It is quite clear that the machinery for assessing these arrears of tax leaves a good deal to be desired. The impression created, rightly or wrongly, is that at least a proportion of the assessments are computed in a rather haphazard fashion. I do not in any sense mean to suggest that the haphazard methods are deliberate. Rather are they due to lack of coordination between one Service Department and the Treasury and to the fact that the Inland Revenue officials are grossly overworked.

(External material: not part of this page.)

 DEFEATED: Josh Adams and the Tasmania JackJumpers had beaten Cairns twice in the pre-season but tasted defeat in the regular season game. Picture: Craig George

From my knowledge of these cases I should say it is quite obvious that there have been great discrepancies. I do not suggest for a moment that they are intentional. No one wishes to make it easier for anyone to evade payment of taxes legitimately due, but it is extremely important that no sense of grievance should be engendered in the mind of the individual concerned. In other words, not only is justice to be done but justice must seem to be done, because our very complex taxation system can only work properly if there is a sense of confidence between the tax payer and the tax collector, in precisely the same way as law and order can only be preserved in a country when there is full co-operation between the police on the one hand and the public on the other.

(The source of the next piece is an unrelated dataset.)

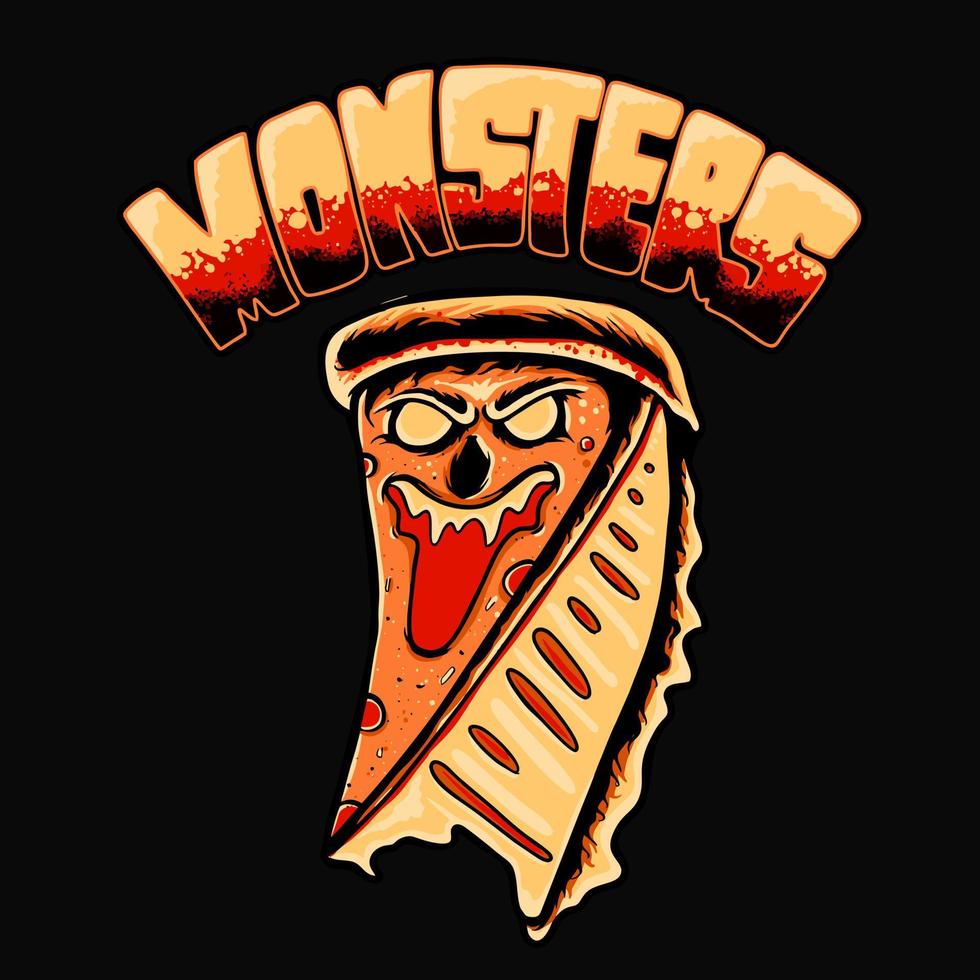 Diseño de camiseta premium scary zombie pizza vector illustration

It is for this reason that I ask the right hon. Gentleman to look more closely into the present machinery for assessing these arrears of tax, and to see that the errors which occur are reduced to a minimum. Where a case of genuine hardship can be proved, and where it is clear that there is inability to pay, I would urge that such cases should be treated with the utmost possible sympathy.

10.8 p.m.

Mr. Joynson-Hicks (Chichester)

I should like to say how exceedingly glad I am that my hon. Friend the Member for Windsor (Mr. Mott-Radclyffe) has raised this question tonight. It is a matter which to my knowledge is troubling a very great number of patriotic and loyal people, who desire to be honest with the Inland Revenue, to pay their taxes and fulfil their duties as citizens of this country. On the other hand, despite all their proper endeavours, feelings and responsibilities they consider they are being ill treated by the Inland Revenue Department. The trouble really goes back to the times of difficulty in the war, when we all know and appreciate the tremendous strain under which the Inland Revenue Department were working, and the difficulty they had in properly preparing assessments.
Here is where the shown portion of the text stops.